On July 8 at 11:00 a.m. EST, Winston & Strawn partner, Tom Buchanan, will engage in en banc oral arguments at the U.S. Court of Appeals, Federal Circuit, on behalf of Frank Slattery, Jr. and shareholders of Meritor Savings Bank (PSFS).
The case will decide the government’s request that the FDIC be treated as a Non-Appropriated Fund Instrumentality (NAFI) that is similar to a military commissary, or backed by the U.S. Congress as stated on all FDIC signs on bank countertops at every teller’s window
across America. If the former, all FDIC regulated banks and their depositors, not U.S. taxpayers, may be on the hook for hundreds of millions of dollars in the 18 year old case.
The case began in 1992, when the FDIC asked Pennsylvania’s Department of Banking to shut down Meritor, formerly PSFS, and the oldest and largest savings association in the country. Both the trial court and a panel for the Court of Appeals for the Federal Circuit have found that FDIC’s actions, including the events that triggered the seizure of this storied franchise, constituted a breach of contract for which the government must now pay at least $276 million.
Mr. Slattery, a principal shareholder of Meritor and PSFS, brought this case as a derivative action on behalf of the seized bank.
After losing before a 3-judge panel of the Federal Circuit, the government petitioned for a rehearing en banc. The en banc court has agreed to review whether the trial court had the appropriate jurisdiction to hear the breach of contract dispute.

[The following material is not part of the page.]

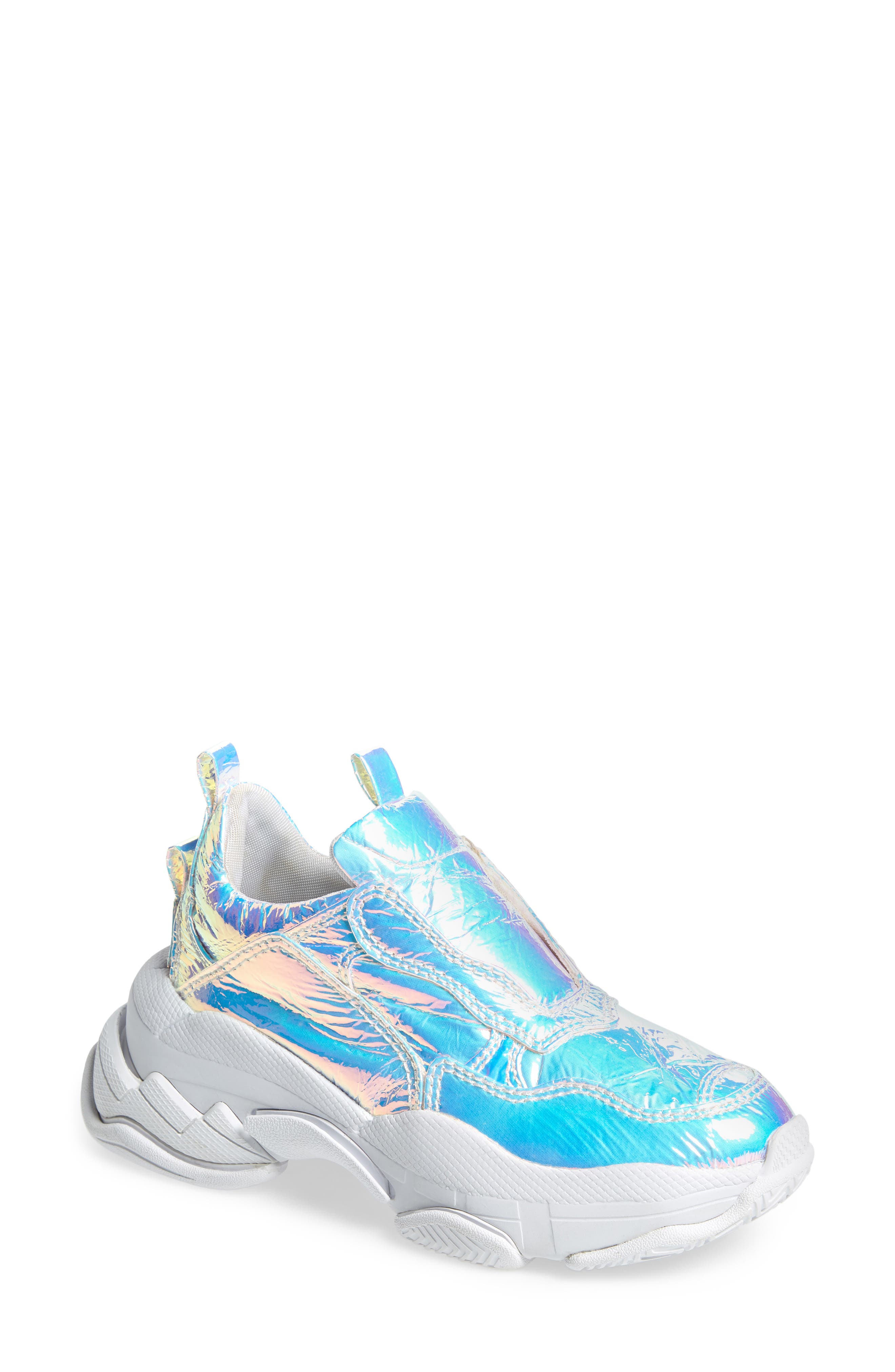 Jeffrey Campbell Lo-Fi 2 Sneaker, Main, color,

The government is further arguing that the FDIC is a NAFI, an agency created by the executive branch that receives no funding, and will not receive any funding, from the U.S. Treasury (i.e., Congress). The FDIC receives funding by charging banks fees to member banks. If the en banc court agrees that the FDIC is a NAFI, and finds that appropriated funds may not be used to pay judgments against NAFI’s, then any judgment in the Meritor Savings case will be produced by the banks regulated by the FDIC and not by Treasury dollars. In other words, the FDIC could be found to be in breach, but it would be entitled to recover the judgment by member banks.
Moreover, if the government were to succeed on its jurisdictional challenge, the plaintiffs would have to start the case all over again in another court and sue the FDIC rather than Uncle Sam.
In order to find the FDIC a NAFI, the government is arguing that Congress has no obligation to honor its promises to back deposits with the full faith and credit of the United States.
“We are confident the prior court rulings will be affirmed based on the long-standing precedents we’ve cited in our briefs,” Buchanan said. “Members of Congress over the years have repeatedly assured their constituents and the American public that the full faith and credit of the U.S. government stands behind all FDIC deposits. The American public will be shocked to learn that the U.S. Congress not only does not back their FDIC-insured deposits, but also that those signs on bank counters stating that they do . . . are meaningless,” concluded Buchanan.